Orbital selective commensurate modulations of the local density of states in ScV6Sn6 probed by nuclear spins

TL;DR

This study uses nuclear magnetic resonance and density functional theory to investigate the local electronic and magnetic properties of the charge density wave phase in ScV6Sn6, revealing orbital selective modulations and a reduction in the density of states.

Contribution

It provides the first detailed NMR analysis of the CDW phase in ScV6Sn6, uncovering orbital selective effects and confirming density functional theory predictions.

Findings

Loss of density of states by a factor of √2 during CDW transition

Commensurate charge density modulation with wave vector q=(1/3,1/3,1/3)
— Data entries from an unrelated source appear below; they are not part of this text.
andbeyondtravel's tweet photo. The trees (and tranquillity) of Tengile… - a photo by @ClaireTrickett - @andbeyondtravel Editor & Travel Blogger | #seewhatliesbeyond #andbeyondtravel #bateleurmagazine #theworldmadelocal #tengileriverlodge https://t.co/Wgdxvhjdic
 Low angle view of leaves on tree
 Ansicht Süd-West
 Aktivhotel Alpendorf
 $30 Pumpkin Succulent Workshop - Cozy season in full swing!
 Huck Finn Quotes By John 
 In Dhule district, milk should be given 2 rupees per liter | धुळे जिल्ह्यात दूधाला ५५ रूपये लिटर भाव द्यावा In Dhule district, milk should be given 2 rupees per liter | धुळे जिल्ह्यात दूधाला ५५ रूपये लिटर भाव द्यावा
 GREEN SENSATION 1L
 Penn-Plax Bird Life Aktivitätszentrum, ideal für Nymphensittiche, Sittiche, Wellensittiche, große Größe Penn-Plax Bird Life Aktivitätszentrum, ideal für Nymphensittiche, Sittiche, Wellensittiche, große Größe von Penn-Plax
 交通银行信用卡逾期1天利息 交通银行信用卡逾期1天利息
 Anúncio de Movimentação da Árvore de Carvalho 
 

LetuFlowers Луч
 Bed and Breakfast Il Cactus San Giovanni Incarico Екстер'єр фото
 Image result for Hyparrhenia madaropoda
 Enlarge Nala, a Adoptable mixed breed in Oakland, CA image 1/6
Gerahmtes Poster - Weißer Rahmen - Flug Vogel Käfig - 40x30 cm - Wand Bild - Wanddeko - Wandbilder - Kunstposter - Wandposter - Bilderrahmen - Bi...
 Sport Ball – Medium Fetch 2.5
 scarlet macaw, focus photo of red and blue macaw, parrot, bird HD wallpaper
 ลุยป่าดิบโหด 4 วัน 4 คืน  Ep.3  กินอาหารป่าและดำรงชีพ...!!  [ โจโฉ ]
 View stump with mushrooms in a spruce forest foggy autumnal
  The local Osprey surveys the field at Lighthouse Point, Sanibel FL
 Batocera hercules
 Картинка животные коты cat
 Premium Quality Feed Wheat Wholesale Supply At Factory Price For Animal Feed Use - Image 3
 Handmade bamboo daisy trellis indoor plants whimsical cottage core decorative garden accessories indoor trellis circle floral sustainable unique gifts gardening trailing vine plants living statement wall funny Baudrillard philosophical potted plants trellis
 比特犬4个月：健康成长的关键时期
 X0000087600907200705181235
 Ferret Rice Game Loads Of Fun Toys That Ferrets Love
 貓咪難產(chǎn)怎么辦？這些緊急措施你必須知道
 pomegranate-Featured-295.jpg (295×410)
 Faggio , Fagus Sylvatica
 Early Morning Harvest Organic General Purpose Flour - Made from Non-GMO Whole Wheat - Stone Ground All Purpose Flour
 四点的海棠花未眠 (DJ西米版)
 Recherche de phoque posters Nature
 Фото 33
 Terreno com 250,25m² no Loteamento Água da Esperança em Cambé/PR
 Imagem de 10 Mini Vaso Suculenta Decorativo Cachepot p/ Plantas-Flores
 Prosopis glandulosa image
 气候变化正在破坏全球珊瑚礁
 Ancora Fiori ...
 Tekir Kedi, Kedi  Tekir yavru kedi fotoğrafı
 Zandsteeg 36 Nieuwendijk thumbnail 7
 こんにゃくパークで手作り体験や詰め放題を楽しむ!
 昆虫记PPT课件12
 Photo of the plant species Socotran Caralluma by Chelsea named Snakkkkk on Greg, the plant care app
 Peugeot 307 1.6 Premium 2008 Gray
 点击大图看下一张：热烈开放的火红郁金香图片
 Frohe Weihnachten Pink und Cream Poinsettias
Orientation-dependent NMR shift splitting indicating orbital selectivity

Abstract

The Kagome network is a unique platform in solid state physics that harbors a diversity of special electronic states due to its inherent band structure features comprising Dirac cones, van-Hove singularities, and flat bands. Some Kagome-based non-magnetic metals have recently been found to exhibit favorable properties, including unconventional superconductivity, charge density waves (CDW), switchable chiral transport, and signatures of an anomalous Hall effect (AHE). The Kagome metal ScV6Sn6 is another promising candidate for studying the emergence of an unconventional CDW and accompanying effects. We use 51V nuclear magnetic resonance (NMR) to study the local properties of the CDW phase in single crystalline ScV6Sn6, aided by density functional theory (DFT). We trace the dynamics of the local magnetic field during the CDW phase transition and determine a loss in the density of states (DOS) by a factor of $\sqrt{2}$, in excellent agreement with DFT. The local charge symmetry of the V surrounding in the CDW phase reflects the commensurate modulation of the charge density with wave vector q=(1/3,1/3,1/3). An unusual orientation dependent change in the NMR shift splitting symmetry, however, reveals orbital selective modulations of the local DOS.